Have you ever had one of those moments where you knew with every fibre of your being that you must do something? Did you listen?
For many years I heard these whispers deep from within my soul, but the fear of what might happen kept me frozen, stuck, afraid to take action. Because I had a plan, and what those whispers were telling me didn’t fit with how I was expecting my life to turn out. Listening to them would have meant leaving my nice cosy comfort zone, and I wasn’t ready yet to take the risk. The saboteur was constantly in my head… you can’t do that, that will never work, what will people think, what if it doesn’t work? And so I squashed those thoughts down deep inside me. Hoping if I just ignored them, they’d eventually go away.
But every single time I tried to ignore what I knew deeply within me was the right thing to do, the universe took action for me. The energy of Kali Ma swept through my life and destroyed the very thing I was clinging desperately to, afraid to let go of. The job I no longer enjoyed, I got made redundant from… twice! The long term relationship I was no longer happy in, ended after 17 years, while I was busy making other plans.
Why is it that we find it so hard to take action on those intuitive knowings? For me it was fear. Fear of what people would think of me, fear of not having a plan, fear of not knowing what would happen when I stepped out of the life I currently knew. And that fear kept me stuck, miserable, unfulfilled for YEARS. Holding on so tightly to the illusion that I had control over my own life. Trying to micromanage the universe so that everything went according to my plan. Until I suddenly found myself, again and again, thrust into a new life that I had been too scared to step into of my own free will. A life I had not planned for, and I had no idea how it was going to turn out.

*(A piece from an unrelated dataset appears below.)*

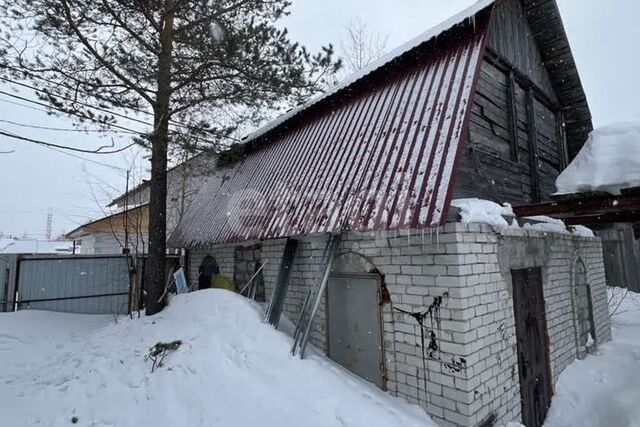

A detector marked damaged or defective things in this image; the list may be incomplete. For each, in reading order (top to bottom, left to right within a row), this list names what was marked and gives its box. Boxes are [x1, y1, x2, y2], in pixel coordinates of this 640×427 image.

rusty metal door [328, 276, 382, 390]
rusty metal door [512, 268, 552, 427]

When your world gets turned upside down, you have no choice but to trust in yourself, to strap yourself in and go along for the ride. To put one foot in front of the other and find your way down this new path. To have complete faith and trust that everything will be alright, because there really is no other option.
When I finally started to trust myself, to trust what I intuitively knew, to listen to those whispers, and to take what were often huge leaps of faith, the most wonderful things started to happen in my life. Each time I was made redundant I walked right into a new and better job. After I separated from my ex partner I bought a beautiful brand new house all by myself. Most recently I quit my part time job and stepped into my business full time, only to have projects and opportunities open up that I could not have foreseen coming when I was so focused on the fear of “what if it doesn’t work” and “how will I pay my mortgage”?
When I had faith in myself I opened up to the possibilities of what I could do and who I could be. I found myself enrolled in a 12 month spiritual development programme I just knew I had to do, training to become an intuitive guide with the Institute for Intuitive Intelligence with no plan on what it would become and what I would do with it. I opened up to the parts of myself I had kept hidden from everyone, my whole life. I found strength I never knew I had, I made lifelong friendships and bonds, I uncovered skills I had yet to use in this lifetime, and I found communities where I finally felt I fit in. Everything fell into place, without me having to obsess over how the puzzle pieces were supposed to fit together.
Letting go of control is not easy. Whenever someone would tell me to “release my attachment” to the outcome I’d laugh, as if it were that easy. And I won’t lie I still struggle. But what I have learnt is when you’re so focused on something going a certain way, on life following the plan you have so clearly mapped out, you miss the possibilities of how much better things could be. Because whatever plan we think we have for our lives, the universe always has something bigger, more powerful, and more joyful in mind for us.
So if I could give anyone one piece of advice it would be this: Trust those whispers. Listen to them. Take action. Even when they scare you, especially when they scare you. Because when you finally let go of the fear, when you finally let go of the illusion of control that you think you have over your life, you open yourself up to how truly amazing life can be.